Fix simulation of return from unwind block like in following example:… #8509

dionisiydk · 2021-02-04T23:32:32Z

Fix simulation of return from unwind block like in following example:

[ #some ] ensure: [ ^#unwindReturn ]

… [ #some ] ensure: [ ^#unwindReturn ]

dionisiydk · 2021-02-04T23:32:49Z

Fixes #8443

dionisiydk · 2021-02-05T00:16:59Z

While it fixes original example it is more complex problem.
I have another similar test which also hangs the image.

But if tests are fine PR can be integrated. It's a good step anyway

StevenCostiou · 2021-02-05T17:08:39Z

src/Kernel/Context.class.st

+	(context notNil and: [ context unwindBlock = closureOrNil ]) ifTrue: [
+		"Here the return happens inside the unwind block like in following example: 
+				[ #test ] ensure: [ ^ #returnFromUnwindBlock ]
+		In such cases #findNextUnwindContextUpTo: returns the corresponding #ensure context
+		because it is always a sender of unwind block.
+		Here we detect this case and lookup the next unwind context after the current ensure section (current unwind)"
+		context := context findNextUnwindContextUpTo: newTop ].


If I understand correctly, before your fix the aboutToReturn:through: is sent with the ensure: context as context.
Then the fix makes sure that the returned context is the next context to unwind, which is the return in the ensure block.

Did you identify what causes the hanging in the first case?

The real bug still exists: when simulation is going into #aboutToReturn:through: the image hangs.
My fix just removes the one specific case where simulation should not go this way. But the real problem is still here. And it's easy to reproduce:

[ [ 100 + 200 ] ensure: [^600] ] ensure: [ #done ]

Step inside [^600] block. Then step over it will hang the image.

So the situation is much worser. We can't step over return inside ensure:

[ ^100 ] ensure: [ 10+30]

Step into block [^100]. Then step over it will hang the image.
I checked also Pharo 7 - same issue

So why the image hangs in all those cases? This is very interesting story :)
The short answer: bugs in the debugger lead to the state of target process where it never ends.

The last call of any process is the termination which ends with #suspend.
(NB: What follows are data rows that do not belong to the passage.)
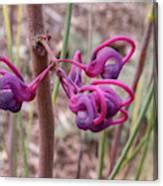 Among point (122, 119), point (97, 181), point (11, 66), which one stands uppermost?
point (11, 66)

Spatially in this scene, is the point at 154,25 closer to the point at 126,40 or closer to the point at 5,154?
the point at 126,40

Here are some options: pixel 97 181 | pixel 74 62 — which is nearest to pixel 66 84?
pixel 74 62

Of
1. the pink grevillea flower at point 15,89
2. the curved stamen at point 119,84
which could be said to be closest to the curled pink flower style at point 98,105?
the curved stamen at point 119,84

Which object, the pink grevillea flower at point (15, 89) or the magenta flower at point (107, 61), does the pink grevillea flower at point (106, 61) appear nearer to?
the magenta flower at point (107, 61)

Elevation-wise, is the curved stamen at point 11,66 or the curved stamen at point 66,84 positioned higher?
the curved stamen at point 11,66

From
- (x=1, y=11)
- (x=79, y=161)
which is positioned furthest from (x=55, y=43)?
(x=79, y=161)

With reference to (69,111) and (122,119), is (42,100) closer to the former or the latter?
(69,111) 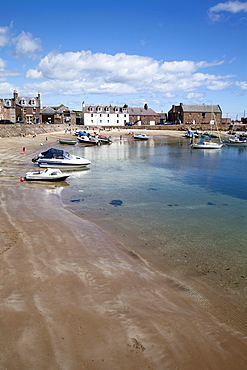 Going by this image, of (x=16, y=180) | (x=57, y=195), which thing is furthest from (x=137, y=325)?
(x=16, y=180)

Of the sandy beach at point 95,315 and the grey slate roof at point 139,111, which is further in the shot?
the grey slate roof at point 139,111

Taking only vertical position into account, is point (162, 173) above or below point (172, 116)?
below

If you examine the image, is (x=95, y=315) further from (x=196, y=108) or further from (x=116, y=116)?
(x=196, y=108)

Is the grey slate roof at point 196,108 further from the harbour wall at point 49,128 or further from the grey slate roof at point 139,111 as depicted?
the grey slate roof at point 139,111

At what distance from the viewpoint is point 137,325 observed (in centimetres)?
659

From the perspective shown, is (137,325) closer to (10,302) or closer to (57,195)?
(10,302)

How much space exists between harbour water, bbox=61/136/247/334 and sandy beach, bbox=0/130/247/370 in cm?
80

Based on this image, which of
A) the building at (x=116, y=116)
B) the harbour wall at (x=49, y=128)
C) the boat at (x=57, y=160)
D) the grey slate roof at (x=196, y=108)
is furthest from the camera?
the grey slate roof at (x=196, y=108)

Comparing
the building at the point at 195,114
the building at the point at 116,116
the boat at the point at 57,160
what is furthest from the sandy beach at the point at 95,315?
the building at the point at 195,114

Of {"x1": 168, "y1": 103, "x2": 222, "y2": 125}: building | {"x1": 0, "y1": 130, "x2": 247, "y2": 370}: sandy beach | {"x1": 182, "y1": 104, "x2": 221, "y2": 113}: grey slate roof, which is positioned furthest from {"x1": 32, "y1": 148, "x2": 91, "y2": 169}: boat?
{"x1": 182, "y1": 104, "x2": 221, "y2": 113}: grey slate roof

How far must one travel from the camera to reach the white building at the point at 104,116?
10644cm

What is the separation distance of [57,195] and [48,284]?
12698 millimetres

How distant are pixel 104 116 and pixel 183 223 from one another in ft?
320

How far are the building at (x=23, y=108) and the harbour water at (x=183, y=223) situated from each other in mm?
65482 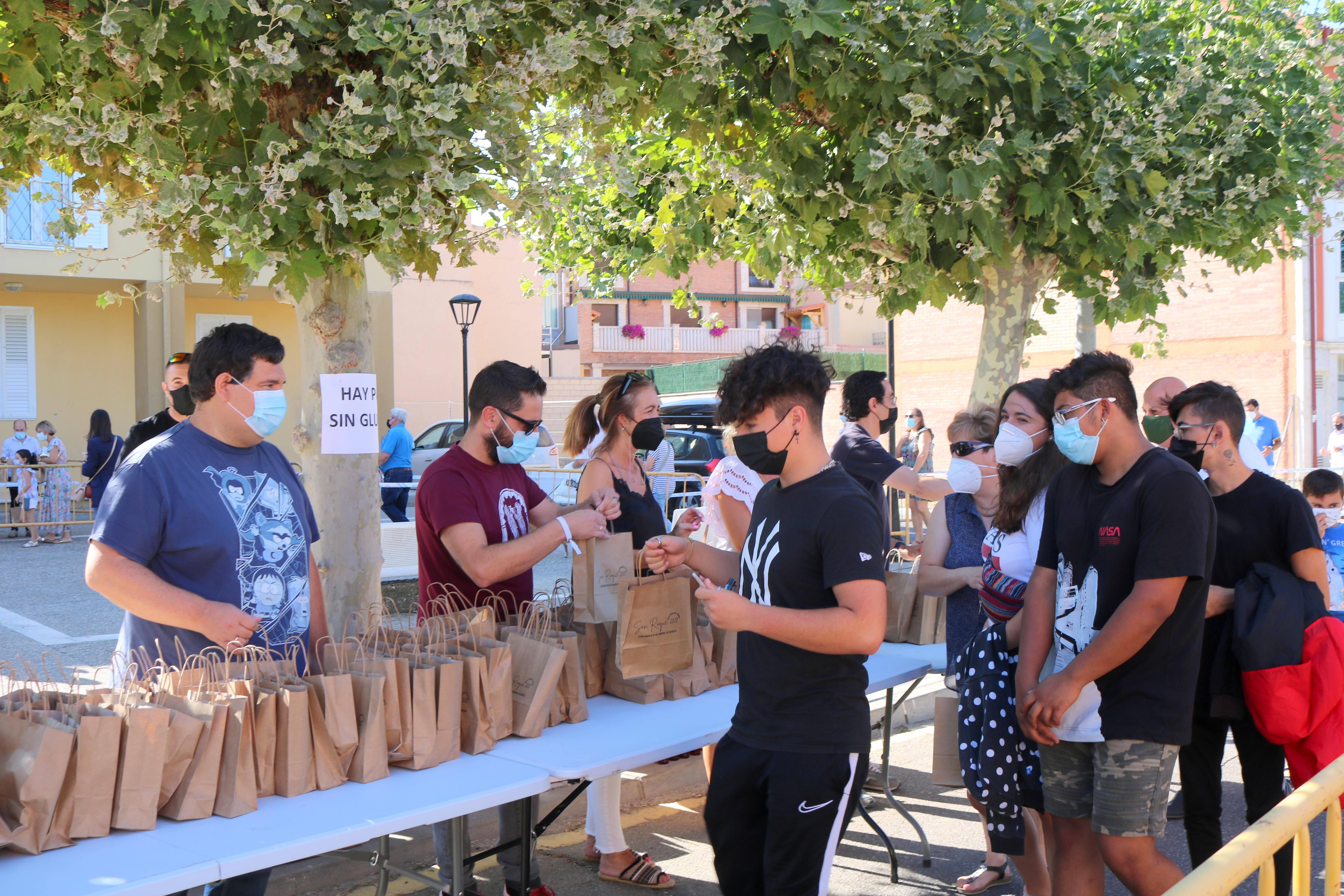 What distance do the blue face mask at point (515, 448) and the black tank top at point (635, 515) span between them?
0.47 meters

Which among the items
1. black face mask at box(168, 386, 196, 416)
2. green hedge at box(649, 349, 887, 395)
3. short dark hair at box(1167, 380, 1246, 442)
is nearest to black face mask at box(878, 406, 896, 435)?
short dark hair at box(1167, 380, 1246, 442)

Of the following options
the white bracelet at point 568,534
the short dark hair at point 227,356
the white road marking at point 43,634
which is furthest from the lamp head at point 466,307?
the short dark hair at point 227,356

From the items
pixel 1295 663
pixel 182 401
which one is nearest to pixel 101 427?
pixel 182 401

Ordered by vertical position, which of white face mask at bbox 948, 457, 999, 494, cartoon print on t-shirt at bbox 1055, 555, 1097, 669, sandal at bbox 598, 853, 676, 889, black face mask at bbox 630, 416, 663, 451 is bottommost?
sandal at bbox 598, 853, 676, 889

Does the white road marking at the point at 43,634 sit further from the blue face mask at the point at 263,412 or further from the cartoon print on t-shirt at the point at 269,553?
the blue face mask at the point at 263,412

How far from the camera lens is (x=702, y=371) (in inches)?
1373

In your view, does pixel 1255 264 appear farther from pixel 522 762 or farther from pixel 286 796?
pixel 286 796

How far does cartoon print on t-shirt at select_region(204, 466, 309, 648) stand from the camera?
123 inches

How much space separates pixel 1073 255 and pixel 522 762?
4.26m

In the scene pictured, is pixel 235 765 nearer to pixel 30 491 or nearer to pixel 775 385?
pixel 775 385

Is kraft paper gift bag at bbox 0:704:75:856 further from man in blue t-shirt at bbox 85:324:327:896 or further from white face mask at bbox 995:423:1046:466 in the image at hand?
white face mask at bbox 995:423:1046:466

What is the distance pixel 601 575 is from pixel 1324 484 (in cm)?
555

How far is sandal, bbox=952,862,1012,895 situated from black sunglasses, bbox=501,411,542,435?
2531 millimetres

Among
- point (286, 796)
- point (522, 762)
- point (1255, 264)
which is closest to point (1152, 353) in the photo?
point (1255, 264)
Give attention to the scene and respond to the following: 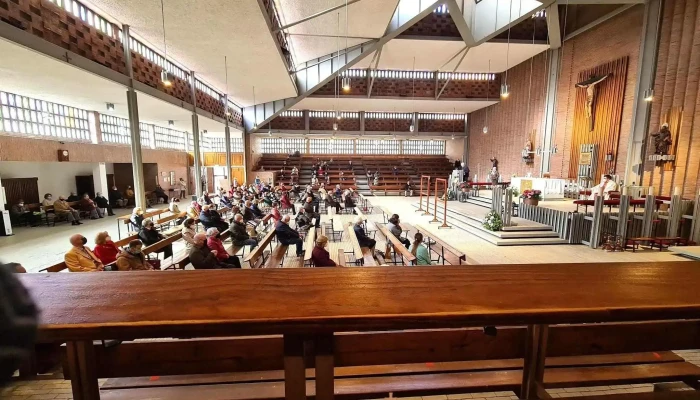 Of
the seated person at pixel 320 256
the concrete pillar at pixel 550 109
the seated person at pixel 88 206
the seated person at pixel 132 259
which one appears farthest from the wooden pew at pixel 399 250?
the seated person at pixel 88 206

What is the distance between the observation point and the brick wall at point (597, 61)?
9547 millimetres

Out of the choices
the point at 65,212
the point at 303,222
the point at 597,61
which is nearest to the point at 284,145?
the point at 65,212

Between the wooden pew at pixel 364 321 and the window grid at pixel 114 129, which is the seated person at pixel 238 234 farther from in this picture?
the window grid at pixel 114 129

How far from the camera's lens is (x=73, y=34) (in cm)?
583

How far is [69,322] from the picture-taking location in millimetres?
830

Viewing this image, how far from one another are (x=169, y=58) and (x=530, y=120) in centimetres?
1420

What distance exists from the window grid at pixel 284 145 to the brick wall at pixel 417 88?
7.23 meters

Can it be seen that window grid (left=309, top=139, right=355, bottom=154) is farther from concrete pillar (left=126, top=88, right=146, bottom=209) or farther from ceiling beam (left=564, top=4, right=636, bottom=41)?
concrete pillar (left=126, top=88, right=146, bottom=209)

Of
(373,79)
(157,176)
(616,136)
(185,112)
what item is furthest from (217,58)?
(616,136)

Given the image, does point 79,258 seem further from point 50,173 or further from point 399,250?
point 50,173

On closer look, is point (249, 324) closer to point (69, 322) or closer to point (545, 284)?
point (69, 322)

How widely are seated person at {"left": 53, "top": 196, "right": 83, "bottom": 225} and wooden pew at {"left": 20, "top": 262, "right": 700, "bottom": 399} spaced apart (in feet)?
37.2

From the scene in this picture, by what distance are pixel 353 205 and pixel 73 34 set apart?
A: 830cm

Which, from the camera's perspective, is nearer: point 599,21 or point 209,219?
point 209,219
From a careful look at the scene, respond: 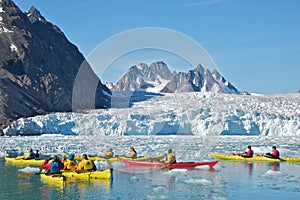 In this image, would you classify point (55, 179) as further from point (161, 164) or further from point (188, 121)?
point (188, 121)

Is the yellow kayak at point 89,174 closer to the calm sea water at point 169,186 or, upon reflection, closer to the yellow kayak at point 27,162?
the calm sea water at point 169,186

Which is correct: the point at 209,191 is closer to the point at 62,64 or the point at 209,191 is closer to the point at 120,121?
the point at 120,121

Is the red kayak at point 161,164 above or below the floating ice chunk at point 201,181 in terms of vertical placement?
above

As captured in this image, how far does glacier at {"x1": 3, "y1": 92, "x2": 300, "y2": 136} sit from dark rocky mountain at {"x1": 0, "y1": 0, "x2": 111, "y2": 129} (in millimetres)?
13904

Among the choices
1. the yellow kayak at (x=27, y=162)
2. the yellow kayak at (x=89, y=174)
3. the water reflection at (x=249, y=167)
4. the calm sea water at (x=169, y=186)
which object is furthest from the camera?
the yellow kayak at (x=27, y=162)

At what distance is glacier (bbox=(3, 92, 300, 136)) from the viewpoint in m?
54.2

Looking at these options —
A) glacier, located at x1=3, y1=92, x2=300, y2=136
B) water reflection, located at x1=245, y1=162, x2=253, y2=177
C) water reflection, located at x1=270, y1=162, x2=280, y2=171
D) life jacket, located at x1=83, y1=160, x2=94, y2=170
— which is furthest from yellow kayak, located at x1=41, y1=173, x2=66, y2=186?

newProcess ^Process forContext: [self value. Processor terminateActive] asContext priority: Processor activePriority

The block here is actually never returned and it must not return. If you will remove the #terminateActive call then processes will end with BlockCannotReturn error (see cannotReturn:) because VM will not find the sender to continue the process.

And it is what really happens when we got hanging in the debugger:

#terminateActive call does not suspend the current process and simply returns.

VM calls #cannotReturn: which triggers the debugger:

new debugger is requested

debugger tries to #suspend activeProcess but it does nothing (see below) and process continues.

as process continues the method #cannotReturn: returns.

cannotReturn: has no sender and therefore VM calls cannotReturn: again - Infinite recursions began.

Now why #terminateActive and #suspend can be not working.

The problem is how debugger simulates the #activeProcess calls during stepping operations:.

process := Process activeProcess

The StepOver this expression is evaluated by the debugger process (UIProcess) but still the result will be the process under the debugger (not a UIProcess).
To achieve this the debugger wraps all stepping operations using #effectiveProcess trick:

step ^Processor activeProcess evaluate: [suspendedContext := suspendedContext step] onBehalfOf: self

The active process here is UIProcess (which handles StepOver click). It sets the variable #effectiveProcess to the process under the debugger. During the block execution the Processor will always use #effectiveProcess as an active one instead of the real active process which executes the debugger command.
For example you can step over "Processor terminateActive" and it will not terminate the UIProcess while the command is really executed by UIProcess.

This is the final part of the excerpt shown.